> **Aim of the task**: Each line of the data below must be given again exactly as written.
** Opening The data block **
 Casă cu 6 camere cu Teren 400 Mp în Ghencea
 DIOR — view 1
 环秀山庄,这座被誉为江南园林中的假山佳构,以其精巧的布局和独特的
** Closing The data block **
> **Task response**:
 Casă cu 6 camere cu Teren 400 Mp în Ghencea
 DIOR — view 1
 环秀山庄,这座被誉为江南园林中的假山佳构,以其精巧的布局和独特的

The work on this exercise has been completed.